Your answer must be only the lines below from the one containing "ಕುಮಾರ್ ನಾಯಕ SRH" through the one containing "More Photos Of", copied exactly, with the pictures left out.

■ ENTRIES SUPPLIED ■
- - -
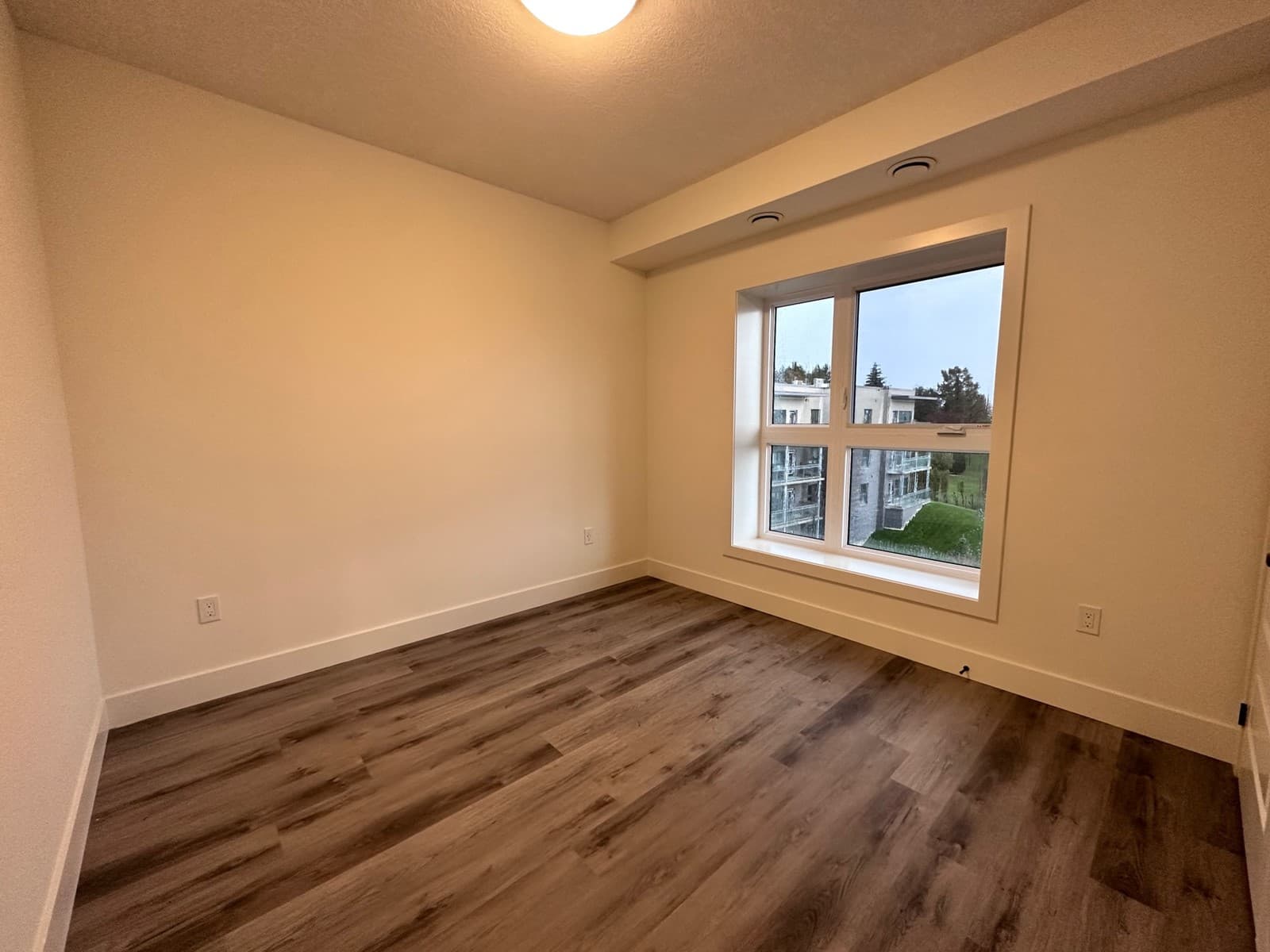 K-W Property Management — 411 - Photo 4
- - -
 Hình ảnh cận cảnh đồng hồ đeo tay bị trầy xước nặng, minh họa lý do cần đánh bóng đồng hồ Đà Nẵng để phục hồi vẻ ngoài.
- - -
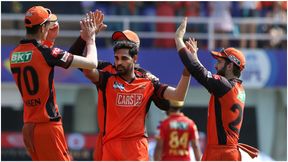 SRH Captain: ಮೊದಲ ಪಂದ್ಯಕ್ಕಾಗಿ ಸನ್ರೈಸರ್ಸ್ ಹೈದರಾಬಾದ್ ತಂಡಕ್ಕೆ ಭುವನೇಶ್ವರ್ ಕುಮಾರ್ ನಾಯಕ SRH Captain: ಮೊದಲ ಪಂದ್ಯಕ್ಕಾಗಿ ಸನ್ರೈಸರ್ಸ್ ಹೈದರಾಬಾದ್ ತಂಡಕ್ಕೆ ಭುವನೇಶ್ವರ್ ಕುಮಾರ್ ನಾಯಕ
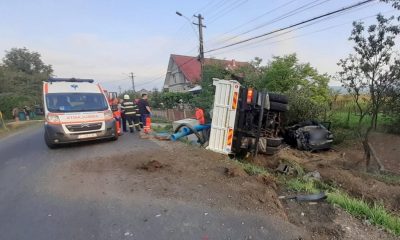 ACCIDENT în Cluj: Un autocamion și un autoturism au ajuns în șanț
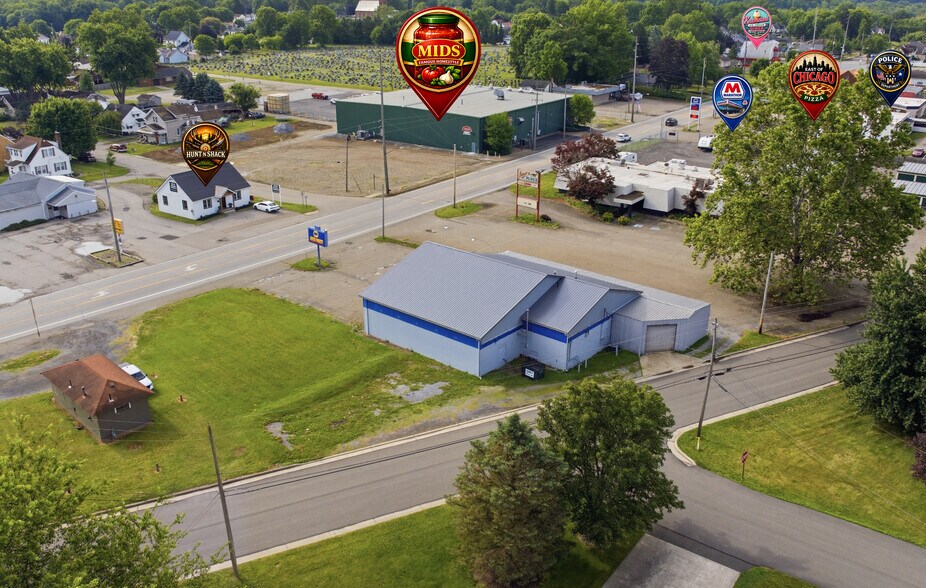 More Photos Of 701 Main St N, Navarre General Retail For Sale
- - -
■ YOUR RESPONSE ■
 SRH Captain: ಮೊದಲ ಪಂದ್ಯಕ್ಕಾಗಿ ಸನ್ರೈಸರ್ಸ್ ಹೈದರಾಬಾದ್ ತಂಡಕ್ಕೆ ಭುವನೇಶ್ವರ್ ಕುಮಾರ್ ನಾಯಕ SRH Captain: ಮೊದಲ ಪಂದ್ಯಕ್ಕಾಗಿ ಸನ್ರೈಸರ್ಸ್ ಹೈದರಾಬಾದ್ ತಂಡಕ್ಕೆ ಭುವನೇಶ್ವರ್ ಕುಮಾರ್ ನಾಯಕ
 ACCIDENT în Cluj: Un autocamion și un autoturism au ajuns în șanț
 More Photos Of 701 Main St N, Navarre General Retail For Sale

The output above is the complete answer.